Banque européenne pour la reconstruction et le développement (BERD): souscription, par l’UE, de parts supplémentaires dans le capital
Le Parlement européen a adopté par 573 voix pour, 64 voix contre et 9 abstentions, une résolution législative sur la proposition de décision du Parlement européen et du Conseil relative à la souscription, par l'Union européenne, de parts supplémentaires dans le capital de la Banque européenne pour la reconstruction et le développement (BERD) à la suite de la décision d'augmenter ce capital.

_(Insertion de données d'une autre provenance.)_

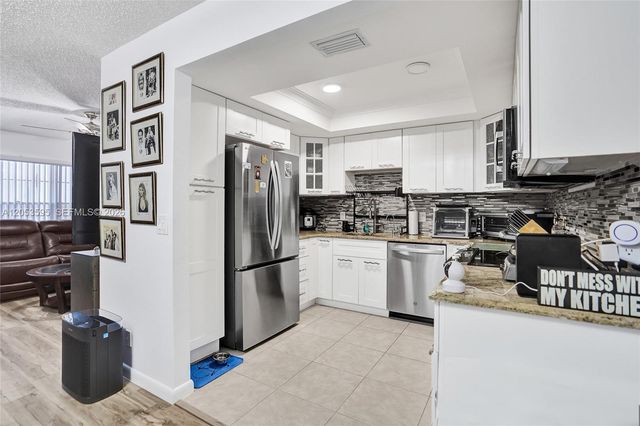 208 Greenbrier C 208, West Palm Beach, FL 33417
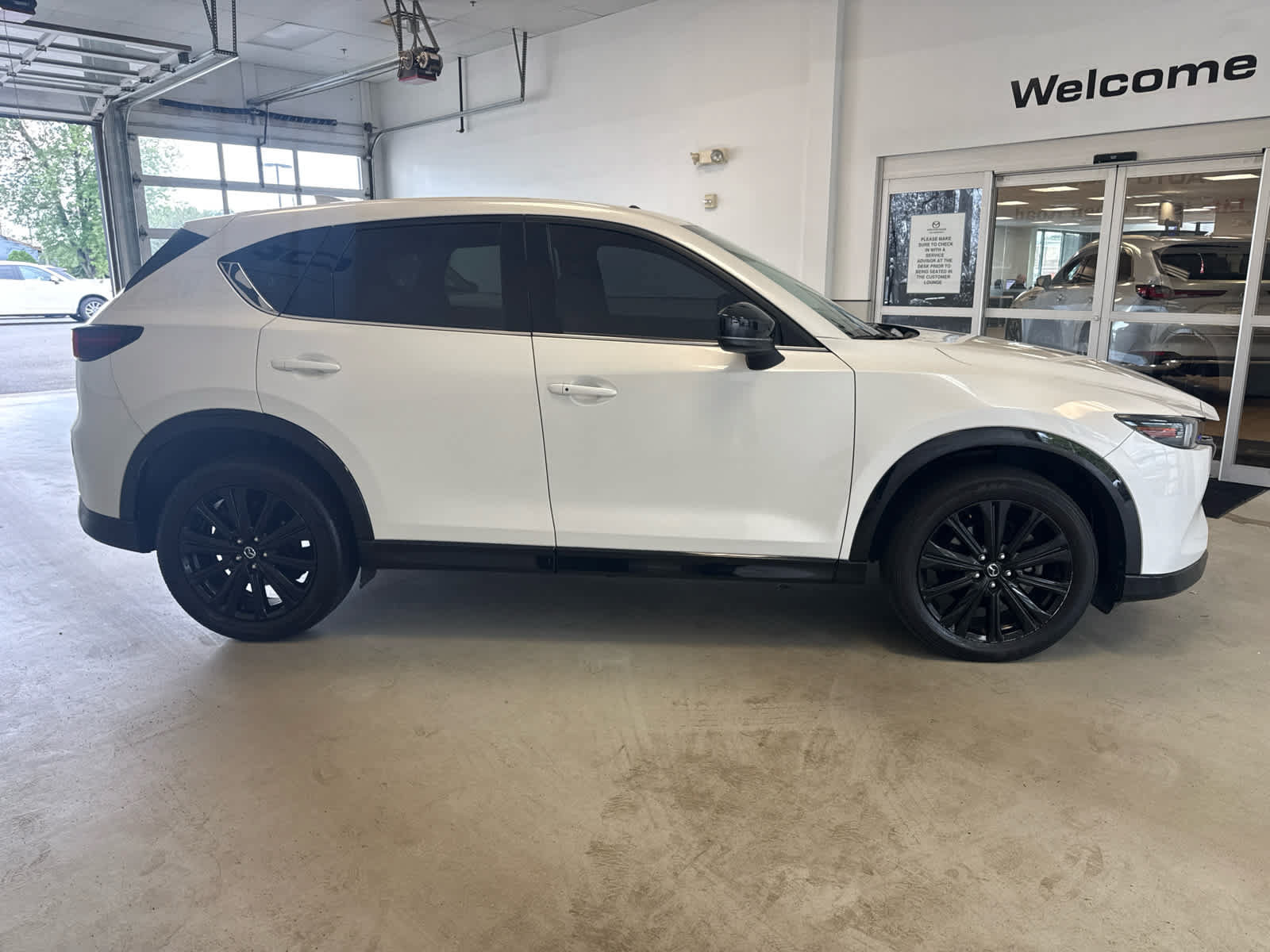 Used 2023 MAZDA CX-5 AWD 2.5 Turbo image 6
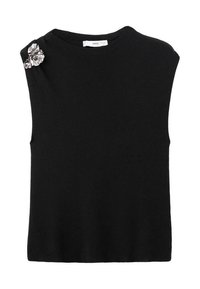 Top sin mangas de punto negro con cuello redondo y un broche floral decorativo en el hombro izquierdo. Textura suave y diseño ajustado.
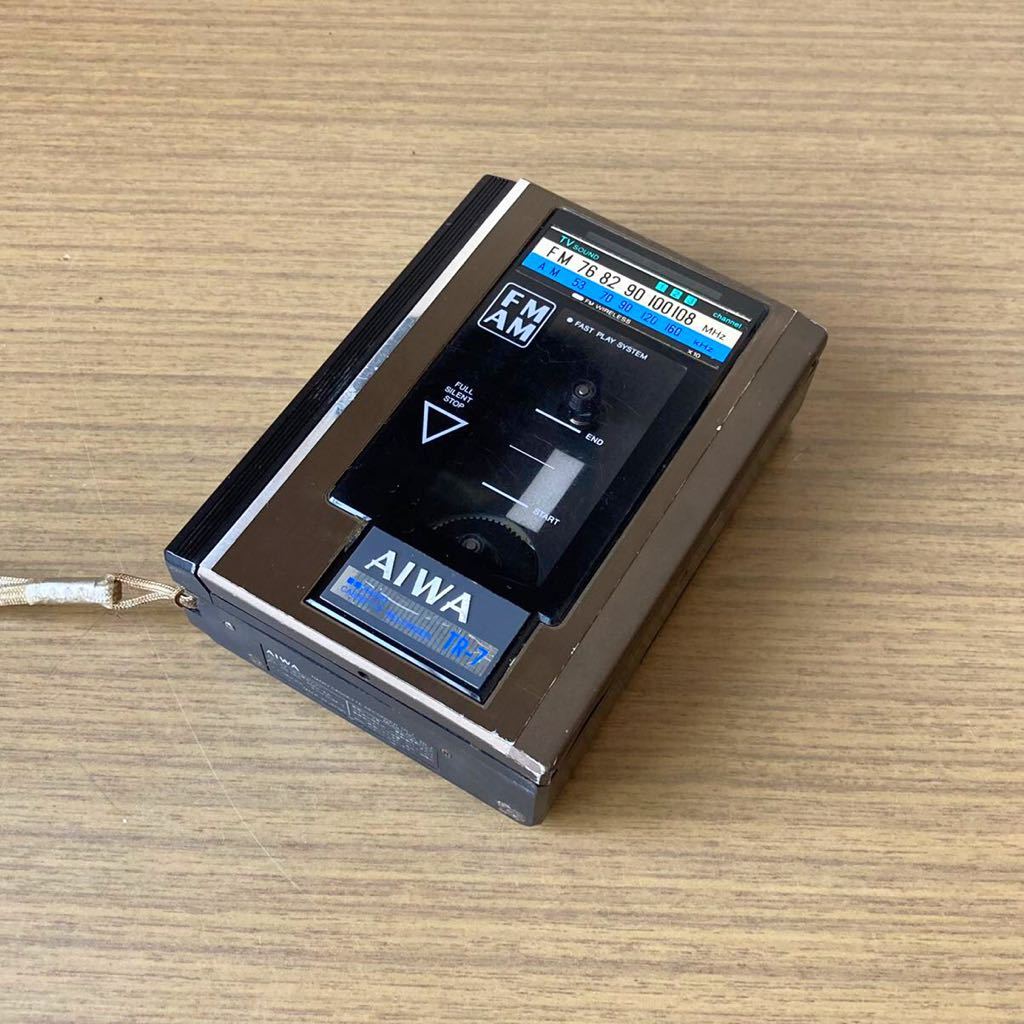 AIWA HS-J7 カセットレコーダー【ジャンク品】 希少・名機】AIWA カセット ラジオ プレーヤー HS-J7 レコーダー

Le Parlement a arrêté sa position en première lecture suivant la procédure législative ordinaire. Les amendements adoptés en plénière sont le résultat d’un compromis négocié entre le Parlement européen et le Conseil. Les principales modifications apportées à la proposition de la Commission sont les suivantes:
Le texte amendé stipule que le gouverneur de la BERD pour l'Union présentera annuellement au Parlement européen un rapport sur l'utilisation du capital, sur les mesures prises pour assurer la transparence des opérations de la BERD par le biais d'intermédiaires financiers, sur la manière dont la BERD contribue aux objectifs de l'Union, sur la prise de risques et l'efficacité de l'obtention de financements de complément auprès du secteur privé, ainsi que sur la coopération entre la Banque européenne d'investissement et la BERD hors de l'Union.

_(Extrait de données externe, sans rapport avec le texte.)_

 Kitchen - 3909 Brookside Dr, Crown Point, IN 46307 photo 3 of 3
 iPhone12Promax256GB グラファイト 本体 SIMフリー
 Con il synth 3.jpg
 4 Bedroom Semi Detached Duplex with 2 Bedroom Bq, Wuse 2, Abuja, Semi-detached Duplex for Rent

Les amendements soulignent également que les représentants de l'Union au sein des organes de direction de la BERD devraient encourager celle-ci à :
- continuer d'appliquer les meilleures pratiques prudentielles dans ses activités bancaires afin de continuer de préserver sa très forte position en capitaux propres;
- intervenir dans des secteurs conformes aux objectifs-clés de la stratégie Europe 2020 dans le but d'accroître la cohérence des politiques de l'Union en matière d'action extérieure;
- développer, sur la base d'un cofinancement par les budget de l'Union et de la BERD, des instruments financiers contribuant à la réalisation des objectifs de l'Union, tout en tenant compte du fait que cette coopération devrait s'accompagner d'un véritable contrôle et d'une véritable visibilité des fonds publics de l'Union;
- publier sur son site Internet des informations appropriées sur les bénéficiaires, les effets de ses opérations d'intermédiation financière, et les évaluations de projets.

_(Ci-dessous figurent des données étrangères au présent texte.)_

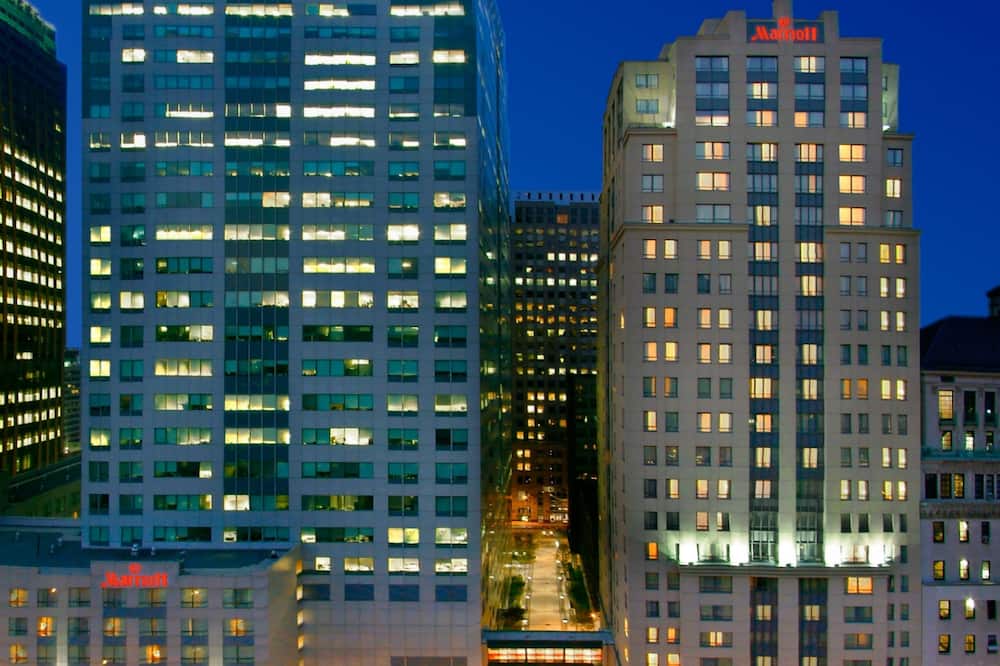 New York Marriott at the Brooklyn Bridge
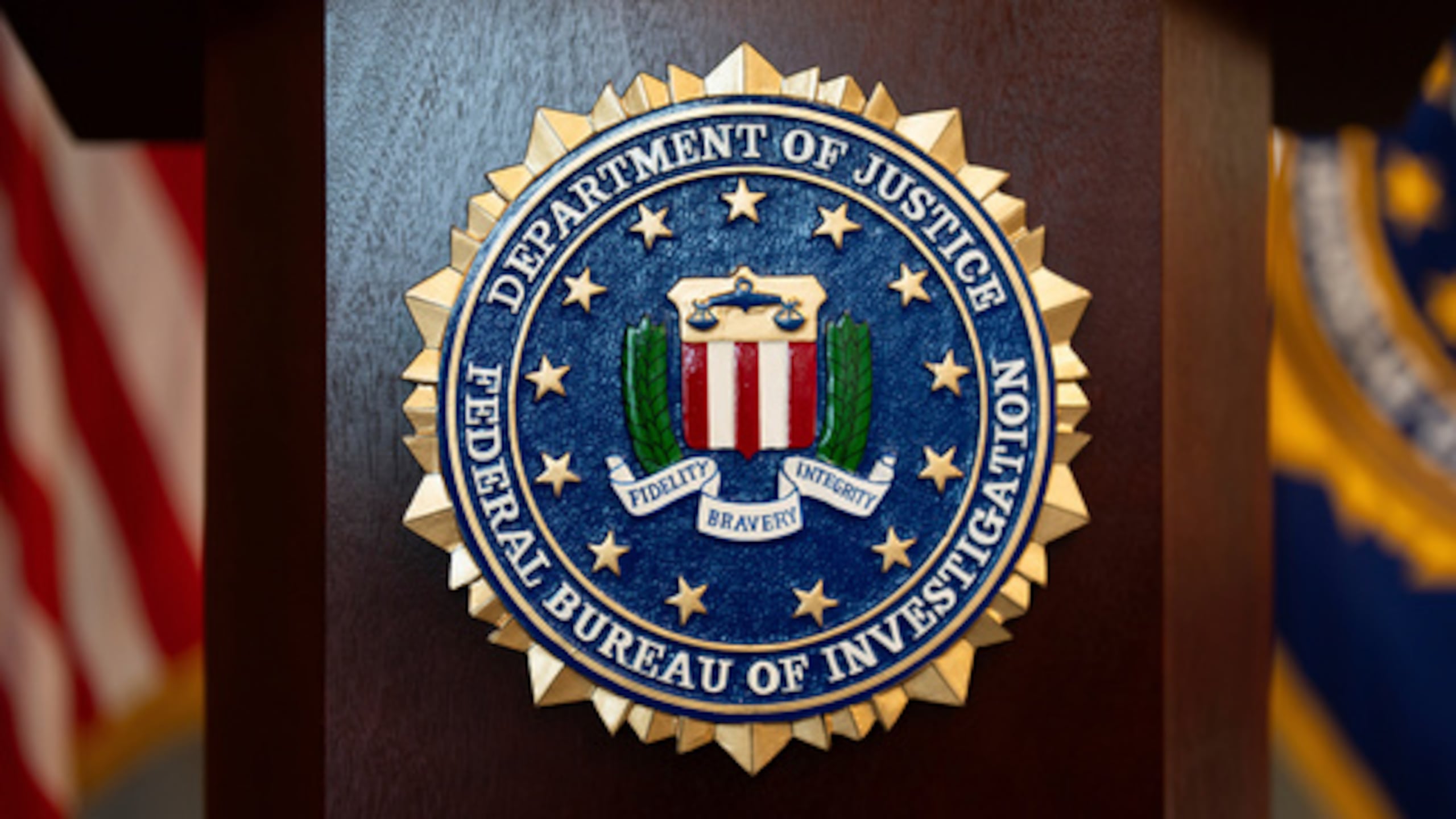 ARCHIVO - El escudo del FBI se exhibe en un atril antes de una rueda de prensa en la oficina local de Portland (Oregón), el 16 de enero de 2025. (Foto AP/Jenny Kane, archivo)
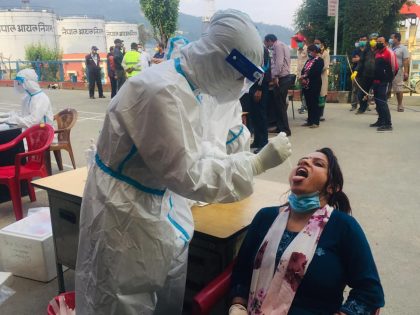 पेट्रोलियम मजदुरहरुको पीसीआर परीक्षणका लागि स्वाब सङ्कलन item-thumbnail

Les représentants de l'Union au sein des organes de direction de la BERD devraient également s'appliquer à éviter que des activités de la BERD soient mises en œuvre dans ses pays d'opération :
- par l'intermédiaire d'un pays ou d'un territoire étranger non coopératif, caractérisé notamment par l'absence d'impôt ou le prélèvement d'impôts minimes, l'absence d'un véritable échange d'informations avec les autorités fiscales étrangères, et un manque de transparence des dispositions législatives, juridiques ou administratives,
- ou par l'intermédiaire d'un pays ou territoire étranger non coopératif identifié comme tel par l'Organisation de coopération et de développement économiques ou le Groupe d'action financière.
La Commission devrait présenter au Parlement européen et au Conseil un rapport, à l'issue du quatrième examen des ressources en capital pour la période 2011-2015 (la période CRR4) pour évaluer l'efficacité du système existant d'institutions européennes de financement publiques favorisant l'investissement en Europe et dans son voisinage. Ce rapport devrait inclure des recommandations concernant la coopération entre les banques respectives ainsi que l'optimisation et la coordination de leurs activités, comme le demande le Parlement européen dans sa résolution du 25 mars 2009 sur les rapports annuels de la BEI et de la BERD pour l'année 2007.